Pleistocene Pack Rat Middens

The Neotoma genus includes 22 species of rodents known as packrats in the west and woodrats in the east.  The eastern woodrat (Neotoma floridana) looks like an overgrown field mouse with a brown back and white belly.  They’re entirely vegetarian, feeding on acorns, nuts, and such common woodland plants as Virginia creeper and greenbrier–foods so abundant in the average woodlot that they don’t have to forage far from the safety of their bulky nests.  Unlike the invasive Norway rat (Rattus norvegicus) and the house mouse (Mus musculus), both of which were accidental stowaways on colonial ships, woodrats cause little damage to agriculture.

Eastern woodrat.  Reportedly, they make good pets and do almost no damage to agriculture.  I’ve never seen one.  For some unknown reason they’re absent from the Augusta, Georgia region but live in most the rest of the state.
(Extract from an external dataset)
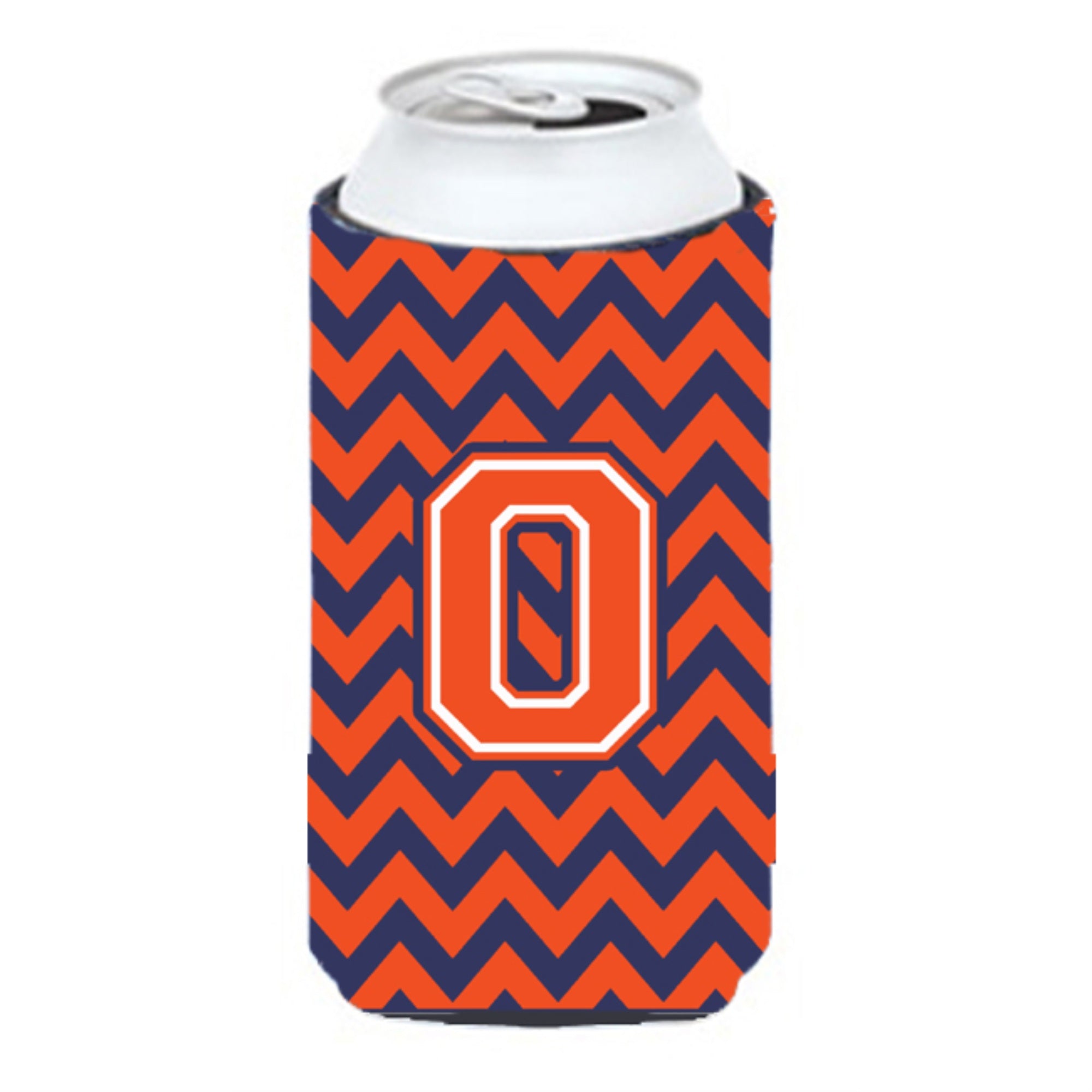Letter O Chevron Orange Blue Tall Boy Beverage Insulator Hugger Cj1042-Otbc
In Georgia woodrat bones have been found in just about every Pleistocene fossil site where small mammals accumulated, proving they’ve been common residents of eastern deciduous forests here for millenia.  It’s unfortunate, however, that none of the nests they built during the Pleistocene have been preserved in the east.  All species in the Neotoma genus build very large nests out of sticks upon which they urinate.  The sugar in their urine is sticky, and it acts like cement glue that holds the sticks together.  It’s also a preservative that turns the wood into a substance known as amberat.  Amberat preserves the wood for as long as 50,000 years.  Eastern woodrats build their nests in forests under tree stumps or even in trees.  Rain and moist soil eventually destroy these nests.  But western packrats often build their nests in caves and rock shelters where they remain intact for tens of thousands of years.  These ancient nests provide a treasure chest of data for paleoecologists.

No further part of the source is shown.